There’s a little corner of Gloucestershire that feels more Herefordshire than Gloucestershire. It’s the Forest of Dean north of the M50. There has never been mining or heavy industry there, just scenic woods, daffodils, poets and ancient churches. It seems far away from the post-industrial Forest which centres around Lydney, Cinderford and Coleford, with Newent an outlier. Newent is just outside this little corner of rural tranquillity, but as you cross the north Newent by-pass and the M50 by-pass northwards you’re entering a sort of frontier land with Herefordshire and Worcestershire. There’s no great river like the Severn or the Wye to mark the county boundaries as they do in most of the rest of the Forest area.

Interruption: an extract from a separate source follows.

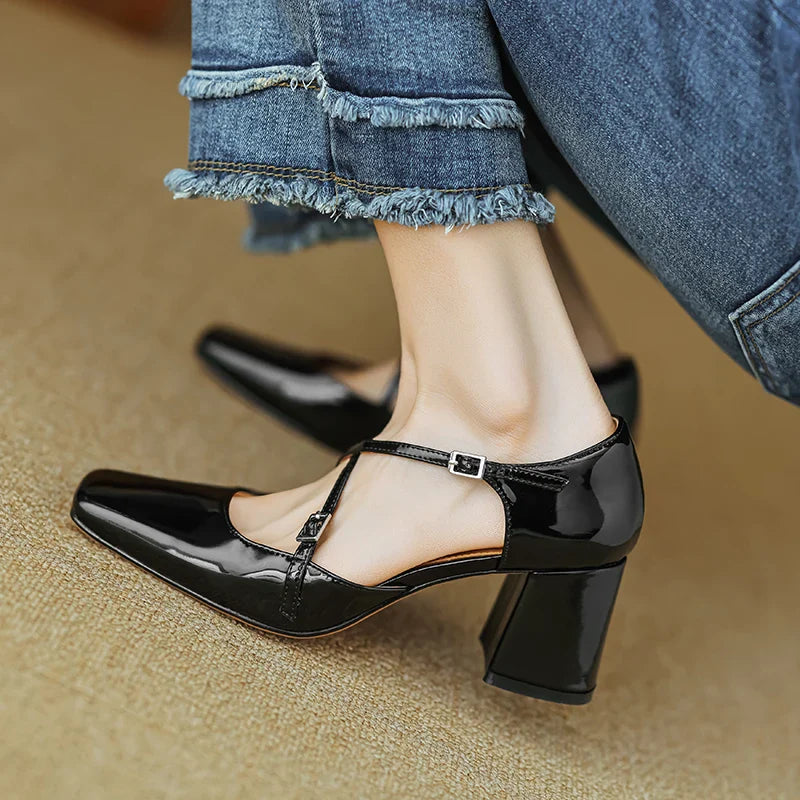 Futurecen Women Pumps 6 cm Mary Jane Shoes French Style  Patent Leather Sandals Buckle Spring Autumn Pumps Square Toe Lady Shoes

It’s just a ragged line that takes the Forest boundary on its winding northern route from Gorsley near Ledbury to the A417 just east of Bromesberrow Heath, eating into Herefordshire and Worcestershire.
It has woods, not forests. Its poets, who flourished briefly at the time when the famous Forest poets were developing, had no real allegiance to the area and disappeared soon after the end of the First World War (except for Edward Thomas, who died during that War). They are celebrated in a permanent exhibition at St Mary’s Church in Dymock. Dymock is the only village in this area of scattered hamlets, but St Mary’s is not the only church in this area. In this remote lightly populated area there are also active churches at the hamlets of Preston, Upleadon, Pauntley, Bromesberrow and Oxenhall, and there’s another St Marys Church at Kempley. The wall paintings and church roof date from the middle ages, and are believed to be the best and most well preserved of all mediaeval works in England.
There’s another church in Kempley, the Church of St Edward, constructed in 1903 and described by John Betjeman as a mini-cathedral of the Arts and Crafts movement.
The scattered hamlets also include Brooms Green, Tillers Green, Leddington, Knights Green, Preston Cross, and Normansland. The local woods have exotic names like Clenchers Mill, Little Woolpits, Howlers Coppice, Pendocks Grove, Chase End Hill. For convenient and accessible doctors, schools and shopping local residents will probably cross the county boundary to travel to Ledbury.
The area contains the famous woodland walks the Three Choirs Way, The Daffodil Way, and there are 2 Poets Paths around Dymock.
The little known Gloucestershire hamlets of Preston and Ludstock are north of the A449 Ross to Ledbury Road, which are both firmly established Herefordshire towns.
The Dymock Cricket Club is one of the most active and progressive sports clubs in the area. Successful at all levels, Mens’ first and second teams, juniors and womens’ cricket flourish in Dymock. Geoff Dymock, a coach for the Australian Cricket tour to England in 1985, paid a visit to the club during his visit to this country to acknowledge the game in his ancestral home.